Gen. 18:1-10a; Ps. 15:2-5; Col. 1:24-28; Lk. 10:38-42

Do everything with love and let this be our sacrifice. “Martha, Martha you are anxious and worried about many things.  There is need of only one thing.”  “Martha, Martha” is Jesus’ way of emphasizing the important of what he is about to say and wants Martha and us to listen well and understand the meaning of his word.  Are we good listeners to Jesus, to his word, to his teaching in its application to us?  The disciples often heard what Jesus said but did not understand his meaning.  We often hear but only understand at the concrete level without seeking the greater message which is how am I a part of this teaching?  Jesus is asking us to listen with our hearts and discern the truth at it applies to us, to transform our hearts to do everything with love. 

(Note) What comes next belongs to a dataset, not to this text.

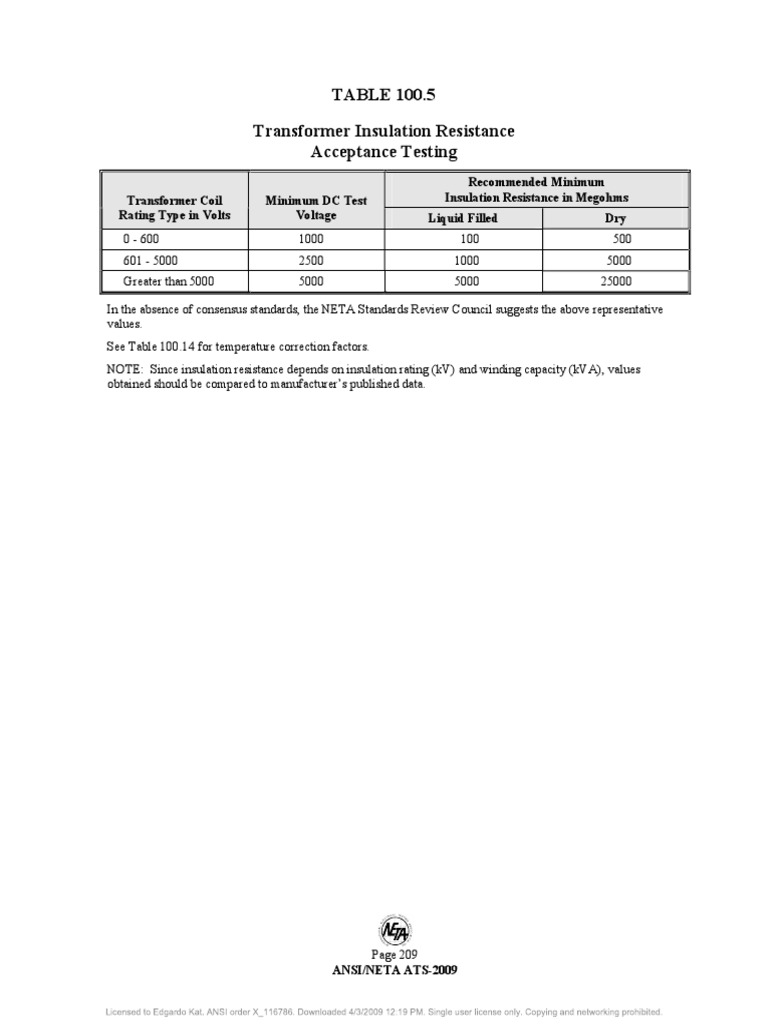 Guidelines for Transformer Insulation Resistance Acceptance Testing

Martha is the host who “welcomed him” and takes responsibility to “serve” Jesus.  Jesus calls us all to be servants of the Lord and every task can be offered “with love” in serving Jesus.  Martha’s “mistake” is often our mistake by comparing ourselves with others as she compares her role with that of her sister Mary who Jesus says “has chosen the better part and it will not be taken from her.”  It was a “choice” we make every day to serve God, to “do everything with love” in all we do as well as to stop and be still and listen to him.  Jesus loves both Martha and Mary but he cares that their actions come from the heart of love. 

Could Jesus have said to Martha, “you have chosen the better part”?  Possibly yes, if Martha’s attention to service was do everything with love for Jesus.  Then her hospitality becomes an act of love while Mary may simply care only to avoid work and was paying no attention to Jesus.  Do everything with love and it is transformed into an offering.  When we compare, we often judge others in a condescending attitude.  What underlies Martha’s attitude was fear of being judged by attempting to look good, being right, being a people pleaser, and trying to “fix” the problem she created in her own mind (“Four leaches”, Julian Treasure, How to speak).  Now we ask ourselves “does this attitude of fear show itself in us?”  Probably every day to some degree when our focus is on us and not on Jesus, we lose an opportunity to be transformative in our service. 

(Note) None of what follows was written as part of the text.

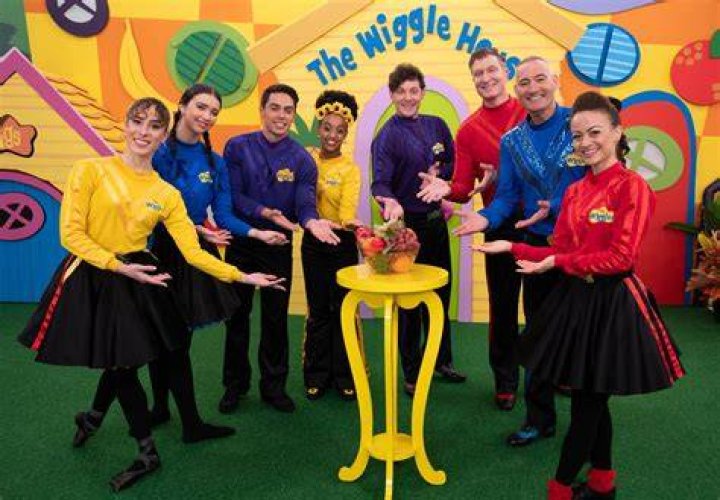 Australia - The Wiggles - Top Tracks - Lara D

Looking good is the sin of pride when the focus is on being better than others as if we were in competition.  Martha’s sin of pride is to question Jesus “Lord, do you not care…?”  Martha, Martha are you making yourself to be the judge and jury better than Jesus?  In Martha’s view Mary by not helping is making her look bad.  Jesus’ response, “Mary has chosen the better part” is understood that he can see her heart is ready to listen to him. 

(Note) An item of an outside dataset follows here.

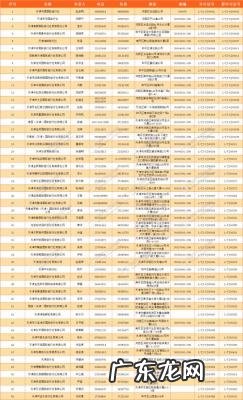 合肥旅行社名录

Martha is concerned with “being right” meaning Mary is wrong for sitting to listen to Jesus.  When we make an issue of being right, we again make ourselves better than the other and bring division to our relationships.  We make it about us rather than validating what others have to contribute.  When we become the “people pleaser” we reveal our underlying insecurity, seeking acceptance from others where acceptance begins from within.  The consequence of disordered thinking becomes disordered behavior as we try to “fix” what may not be broken, and we made a crisis for ourselves and others.   Stop and choose the better part.

The better part is instead of attempting to look good recall it is not about us but about him as Mary demonstrated.  Make it about the good of the other without complaining and ask for what you need by lifting up the other with a little kindness and recognition.  Martha could have said, “Mary, you are so good at setting the table, please assist me for a moment.”  Direct to the need maintains the unity without complaining or judging.  Say it with genuine love for that is what we are called to do. 

The better part instead of sounding off as “being right” or justified and judging others as wrong is to first seek to validate the other.  What if Martha had said, “Mary you have chosen the better part by listening to Jesus but I need you for a moment please”.  Validating first does not make anybody “wrong or right” just different in their behavior.  Validating a person does not mean that the behavior cannot be changed, improved, or when needed stopped.  It allows the person to look at themselves, their behavior and come to value other behavior as meaningful and appropriate and even called for in certain circumstances. 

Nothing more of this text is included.